O Supremo Tribunal Federal tem examinado a ação penal do mensalão com um olho nos autos e outro nos prazos. Este, sim, pode-se dizer que tenha como referência a opinião pública de que tanto reclamam os advogados de defesa.
Ainda que por hipótese remota não houvesse mais condenação alguma daqui em diante, existe a expectativa em torno do destino efetivo dos réus já condenados.
Serão presos, cumprirão de alguma forma as penas ou daqui a dois anos estarão levando vida normal, cuidando das respectivas atividades como se nada de diferente houvesse ocorrido que pudesse abalar a rotina de suas vidas?

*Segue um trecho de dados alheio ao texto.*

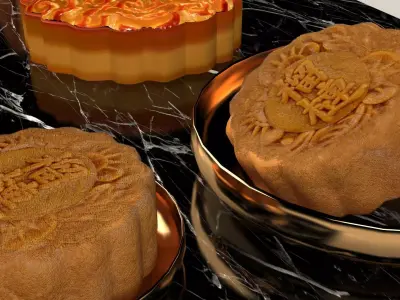 Chinese moon cake with yuan bao   3D model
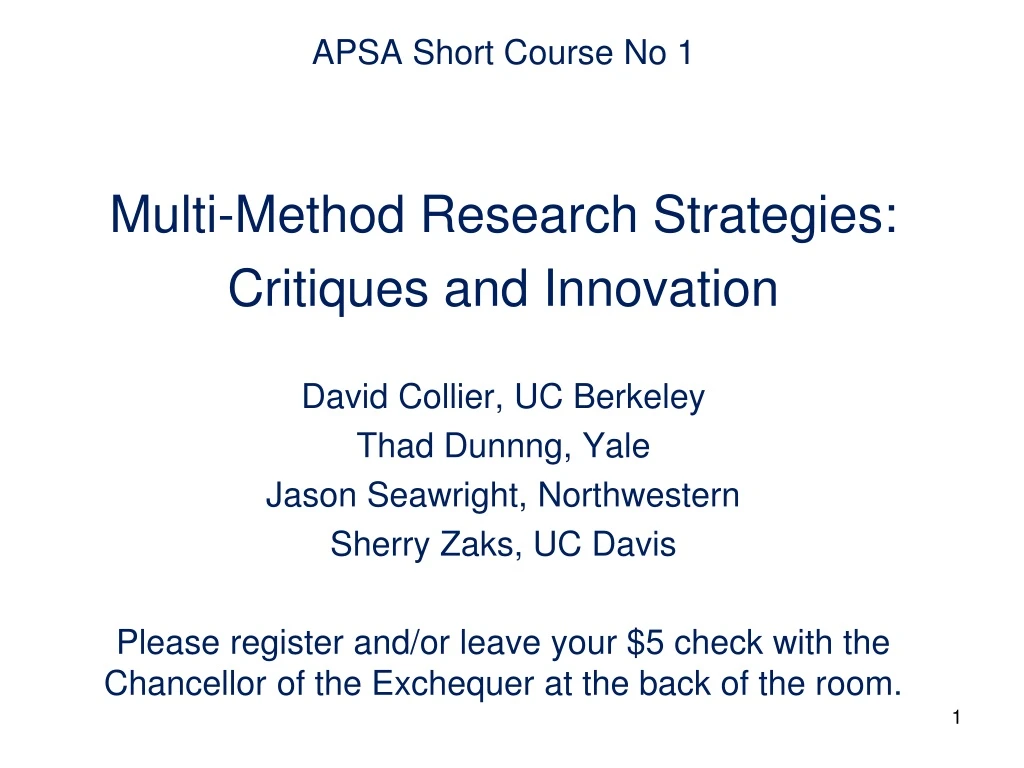 apsa short course no 1 multi method research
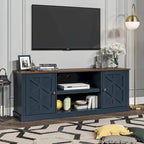 64 in. Farmhouse TV Stand with Swing Doors and Adjustable Shelves – White Wash / Blue
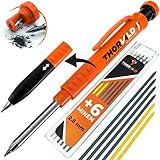 THORVALD Robuster Tieflochmarker Bleistift [+ 7 Minen + Spitzer + Schreibgriff] Set - Zimmermannsbleistift Dicke -Bohrlochmarker Druckbleistift Handwerker Holz Metall Beton Bau Baustelle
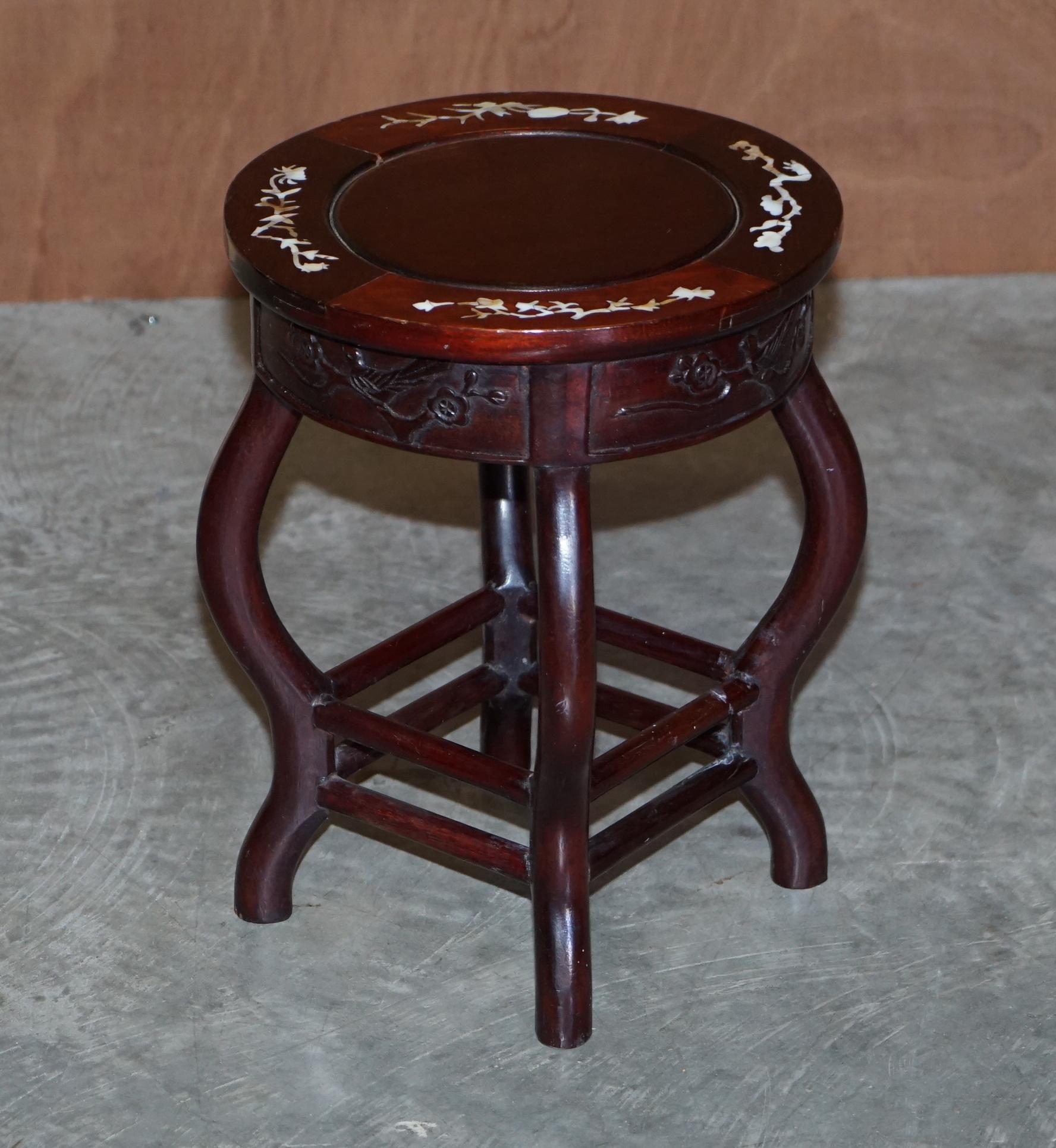 Chinese Republic Circa 1930's Hardwood Mother of Pearl Inlaid Table & Stools For Sale 7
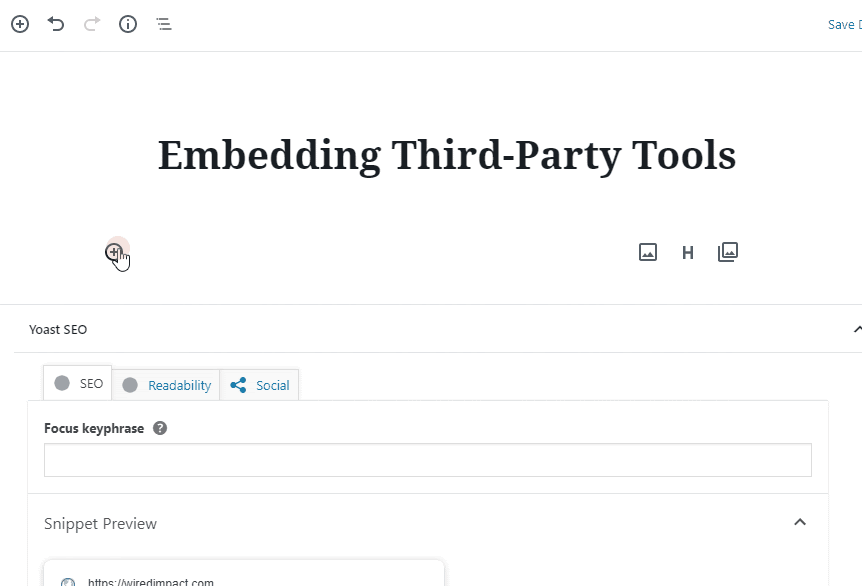 A GIF demonstrating how to embed third-party tools in the back end of a website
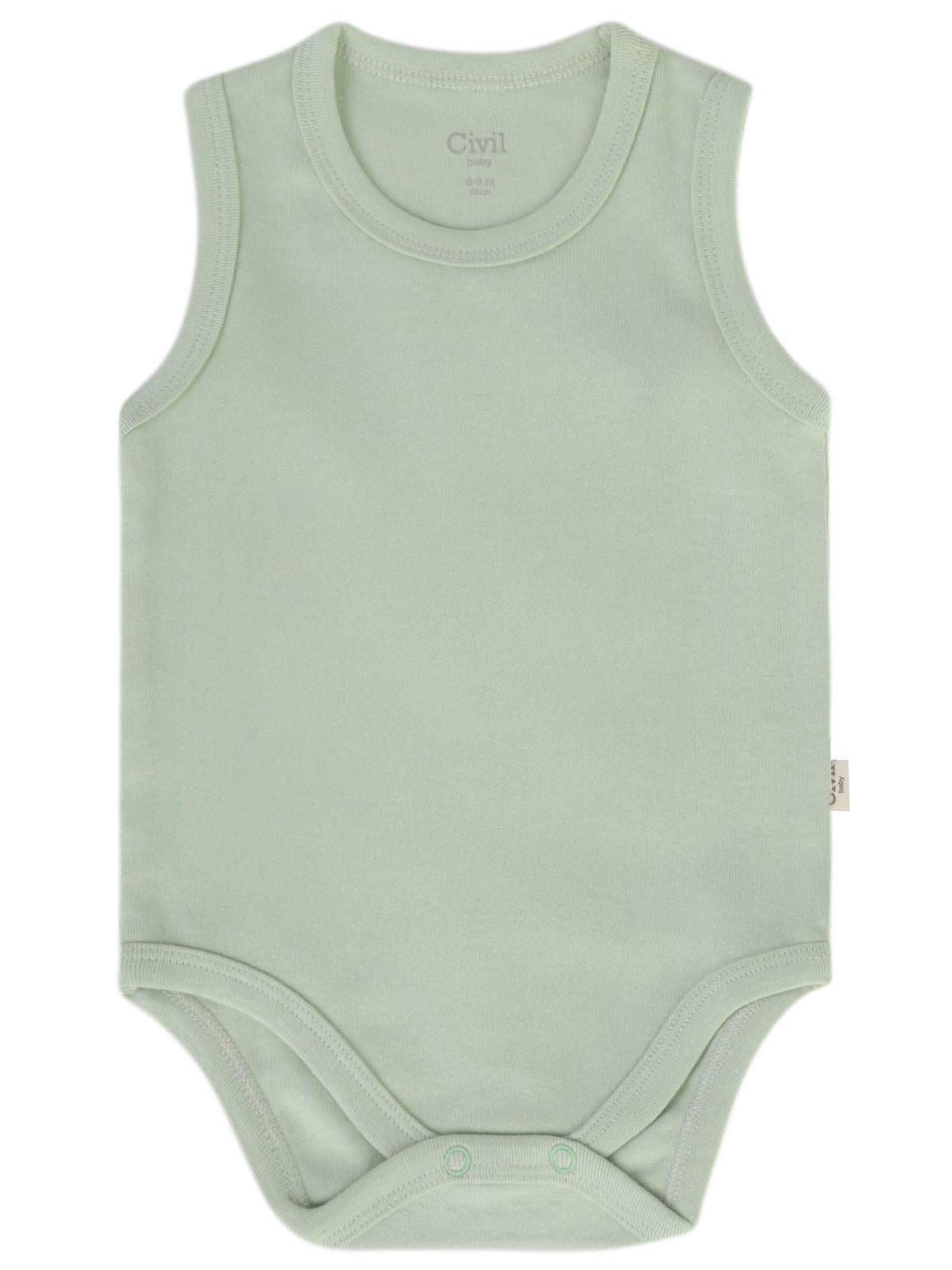 Civil Baby 3'lü Düz Sıfır Kol 3-36 Ay Çıtçıtlı Badi - Bej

O exemplo da primeira condenação de um deputado federal pelo STF desde que as regras mudaram e a Justiça deixou de precisar de autorização prévia do Congresso para processar parlamentares.

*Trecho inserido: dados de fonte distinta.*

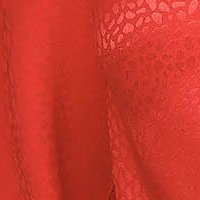 Női blúz piros szaténból szűk szabású bross kiegészítővel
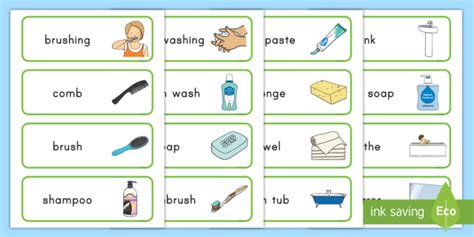 Keeping Clean Word Cards Personal Hygiene Teacher Made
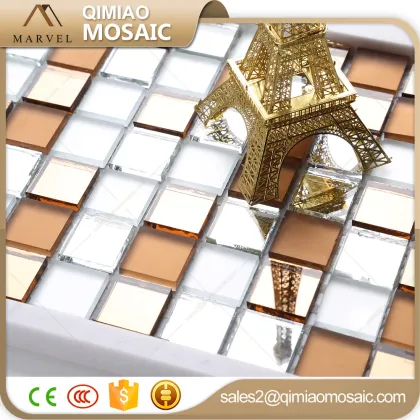 Bright Mirror Mix Frost Light Brown Glass Mosaic
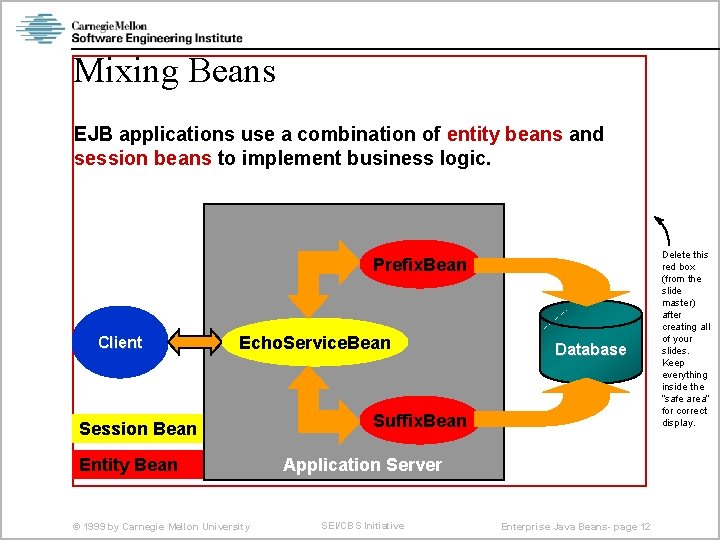 Mixing Beans EJB applications use a combination of entity beans and session beans to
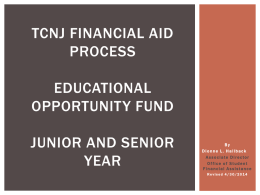 TCNJ Financial Aid Process - Educational Opportunity Fund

Natan Donadon foi condenado em outubro de 2010 pelos crimes de peculato e formação de quadrilha por ter desviado, junto com outros sete réus, dinheiro da Assembleia Legislativa de Rondônia, quando ocupava o cargo de diretor financeiro, em 1995. Até hoje, no entanto, está em liberdade por causa de embargos de declaração apresentados pela defesa e ainda não julgados.
A condenação a 13 anos, quatro meses e dez dias de prisão, mais multa de 66 salários mínimos, ocorreu por ato semelhante ao do deputado João Paulo Cunha. Donadon pagou R$ 8 milhões a uma agência de publicidade por serviços não prestados e mediante emissão de notas fiscais frias.

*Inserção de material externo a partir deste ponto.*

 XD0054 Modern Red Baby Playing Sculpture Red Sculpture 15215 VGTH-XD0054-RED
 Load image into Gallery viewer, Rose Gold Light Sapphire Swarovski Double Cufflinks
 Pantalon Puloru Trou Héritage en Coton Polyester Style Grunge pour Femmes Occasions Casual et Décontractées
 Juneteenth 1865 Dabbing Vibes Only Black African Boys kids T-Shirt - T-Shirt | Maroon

Foi relatora a ministra Cármen Lúcia, acompanhada pela unanimidade do colegiado na condenação por peculato que expôs a mesma lógica agora adotada no julgamento do mensalão no tocante aos quesitos ato de ofício e domínio do fato.
"Fugiria do limite do razoável imaginar que uma pessoa que exerce o cargo de diretor financeiro da Assembleia Legislativa, ao efetuar pagamento de serviços que custaram milhões de reais não tivesse a obrigação de se informar se eles estariam sendo devidamente prestados", argumentou Cármen Lúcia à época.
O presidente do Supremo, Carlos Ayres Britto, está atento ao risco de a postergação se repetir. Por isso já articula no tribunal uma alteração de procedimentos, assim como foi feito para evitar que o contraditório entre ministros resultasse em pane processual.
Pedirá aos magistrados que "encurtem" seus votos e, uma vez encerrado o julgamento, examinem os embargos em tempo exíguo. Se possível, em cinco dias a contar da apresentação.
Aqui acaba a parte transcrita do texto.